A number of people have asked for my reaction to the iPad.
 
I will skip over the name which I think is terrible.  iPad?  Really?
 
Apple gets credit on execution and good packaging of available technology.  That said, their thin slate is an unsurprising product in the context of an evolutionary timeline that spans decades of innovation and effort chasing the slate computing dream.
 
My perspective is also somewhat unique.
 
At WinHEC five years ago, Bill held up a non-functional model of “Haiku”.  It was a concept design effort that I had led as part of incubating ultra-mobile PC, and was aimed at illustrating the type of full-fidelity, device-like mobile PC design that would be achievable in the 5-6 year time frame.

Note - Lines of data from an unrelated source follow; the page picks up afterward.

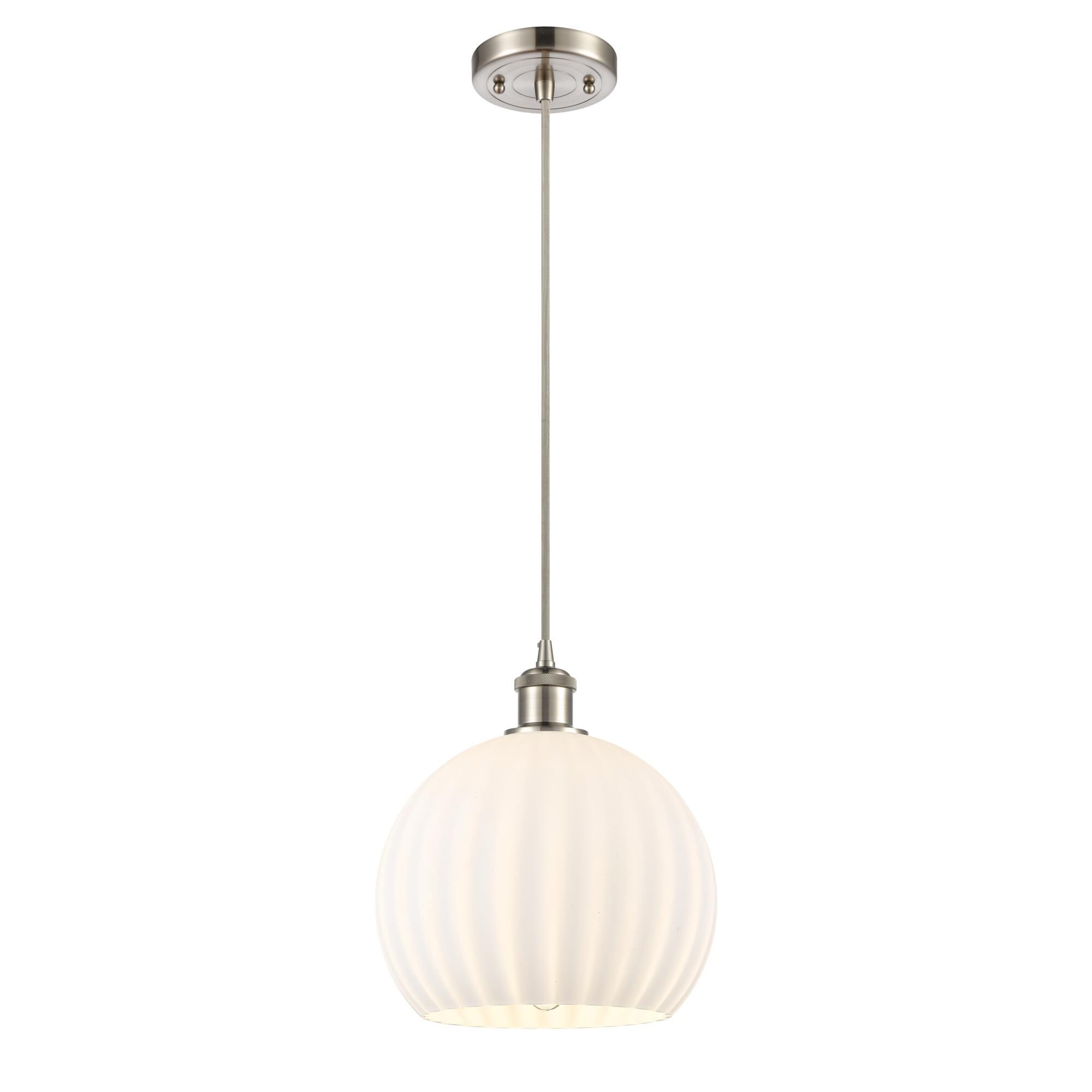 Bruno Marashlian White Venetian Mini Pendant by Innovations Lighting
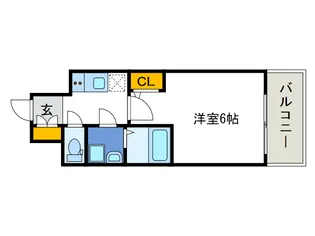 エスリード難波ザ・ゲート【4階】の間取り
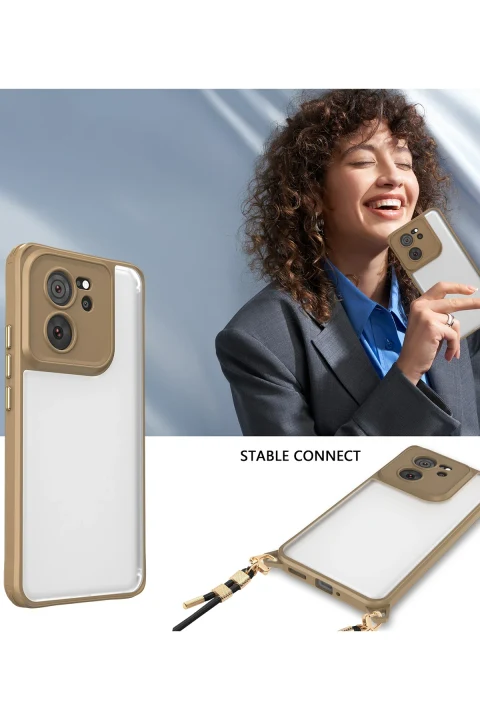 uryport Xiaomi Mi 13T Pro Kılıf Penta Silikon Kılıf - Titan Gri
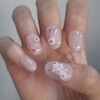 Cherry Blossom Gomdango Handmade Nail Tip Temperature Change - Short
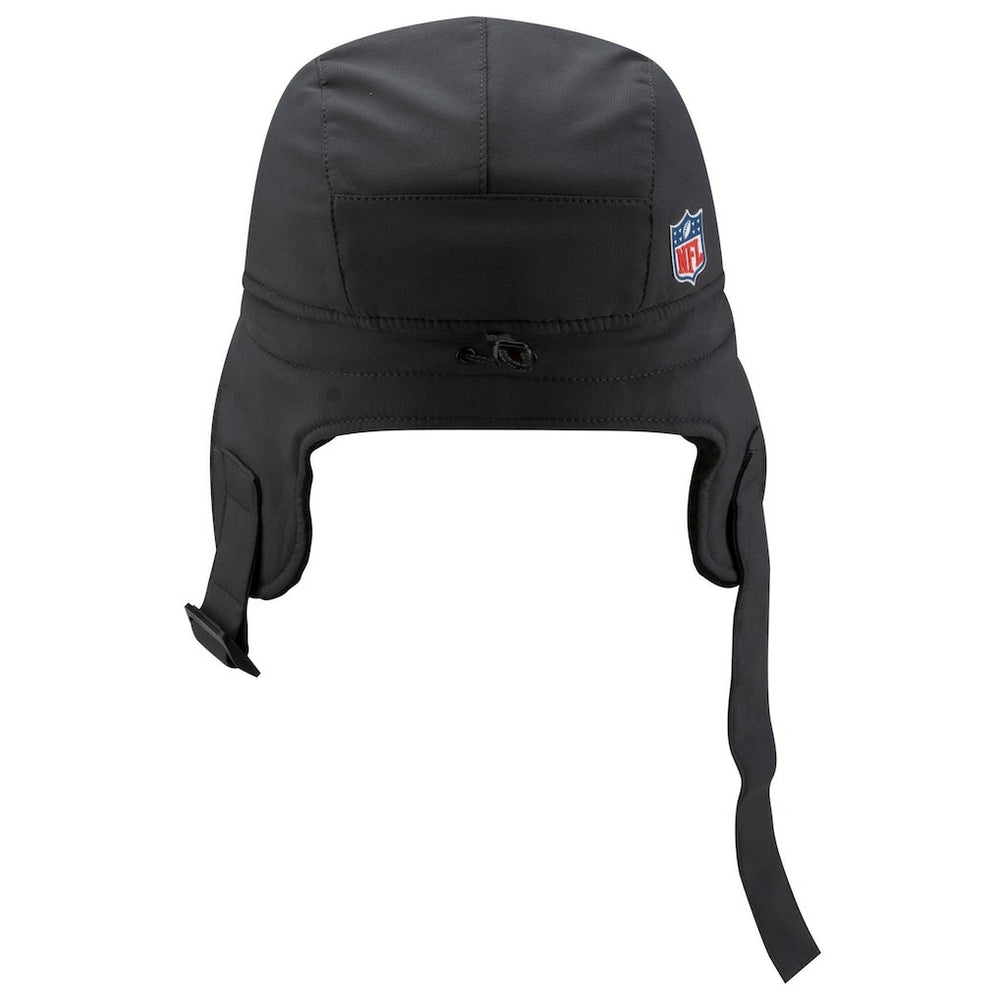 Cincinnati Bengals New Era 2025 Sideline Cold Weather Runner Dog Ear Adjustable Hat Charcoal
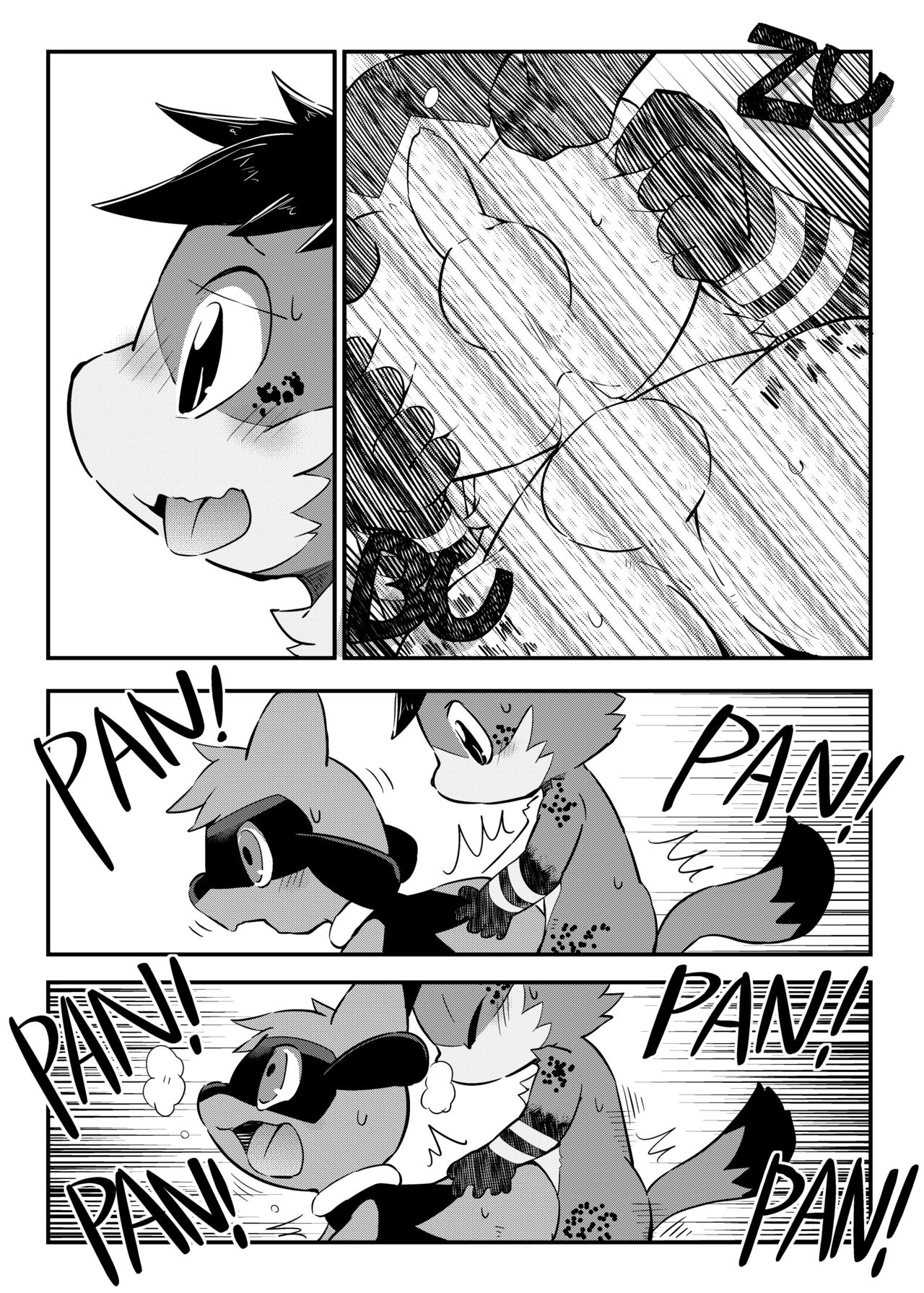 Ofuro - Lumo & Riolu page 7 full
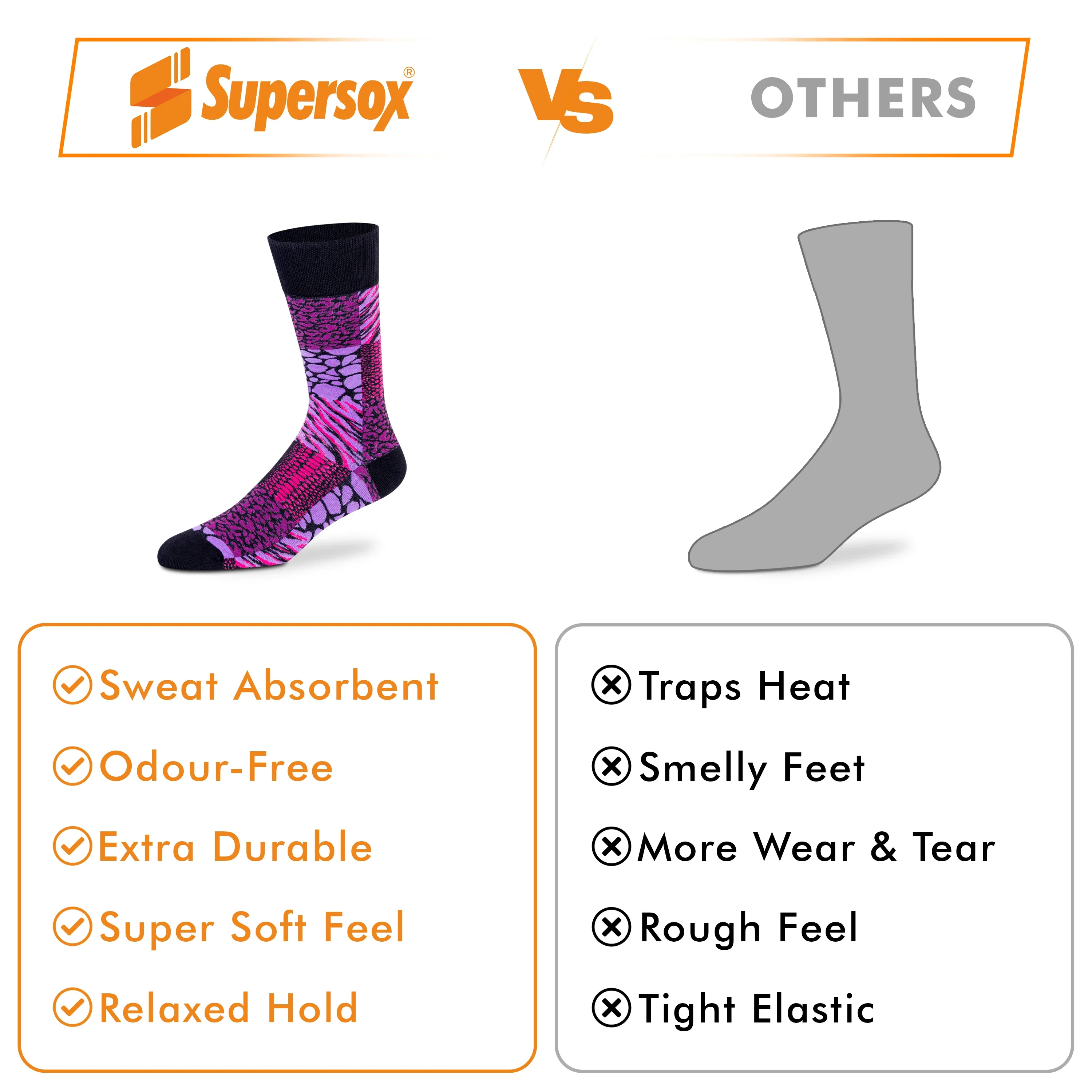 Funky Crew Socks - Women (Pack of 1) - Image 4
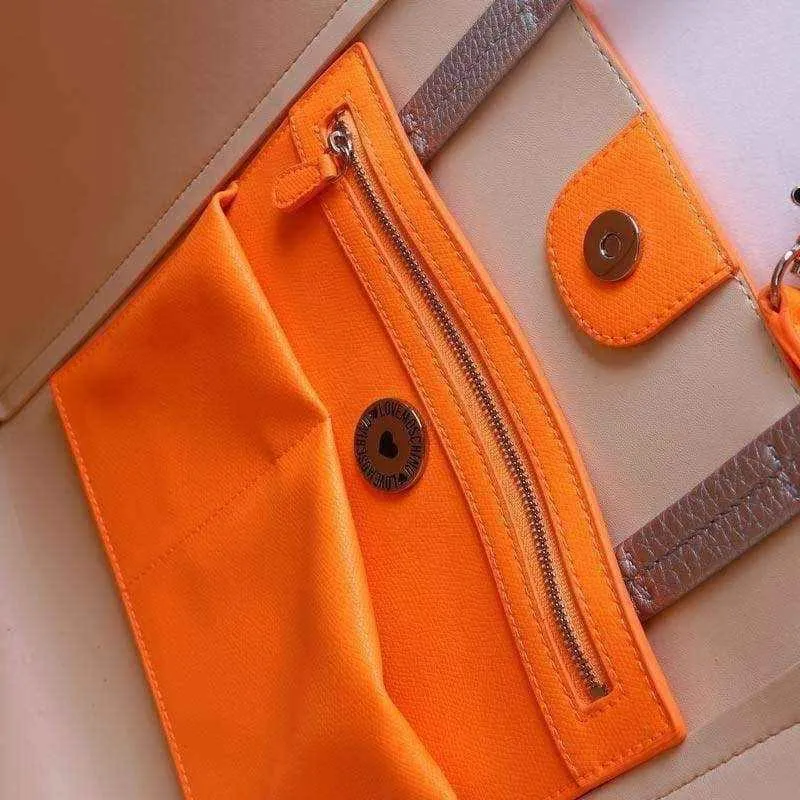 Love Moschino bags | Love Moschino Orange Handbag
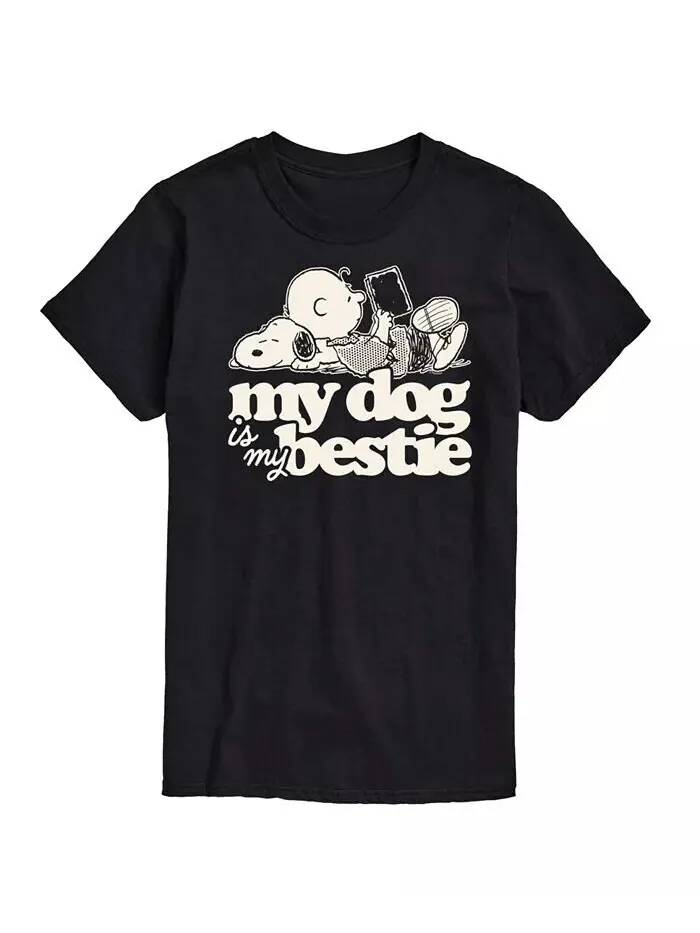 Мужская футболка с короткими рукавами Hybrid Apparel Peanuts Dog AIRWAVES — изображение 1 из 8, черный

Ultra-mobile PC concept circa 2004/2005

Some key attributes of the class of consumer slate PC envisioned: thin (under half an inch) pure slate form factor, all-day battery life, fully solid-state, fanless, always on/connected, LED-backlit display, WWAN capability, docking connector, pen+touch NUI, and a sub-$500 price point.
 
The Origami ultra-mobile PC effort made progress toward the “Haiku” end-state target, and among other things, created focus on touch as a primary form of display interaction and catalyzed the development of low-power, low-cost Atom CPUs and chipsets.  Those Atom CPUs were subsequently incorporated into small, low-cost laptop designs which Intel dubbed “netbooks” and sold like hotcakes.  The race chasing volume was on.  Building small, cheap laptops was easy and virtually guaranteed to achieve large volumes as an extension of a mainstream category.  By contrast, getting slate right required ongoing investment, and the slate category was still emerging.  The PC industry took the path of least resistance to large unit volumes.
 
Steve Jobs has said that he didn’t know how to build a cheap laptop that wasn’t junk.
 
His answer to a highly mobile computer at a reasonable price point that isn’t junk and isn’t a race to the bottom is a slate.
 
I agree with the logic.
 
As a device, the iPad seems somewhat large and ungainly to me.  With the 7”-display-based Haiku/Origami, I aimed for greater mobility in the tradeoff between mobility and display real estate.  Not having a way to write on a pure slate device the size of piece of paper also seems pretty unnatural to me.  One of the iPad demos shows a legal-pad background for note-taking, but then you have to use the on-screen keyboard.  Say what?  There’s a real cognitive disconnect there.  Of course, display size is highly subjective (hence the many variations in laptops) as is the relative importance of stylus functionality for different users and uses.  There is plenty of room for continued development of and innovation with the slate form factor, and it will be interesting to see how the industry responds to Apple’s interpretation.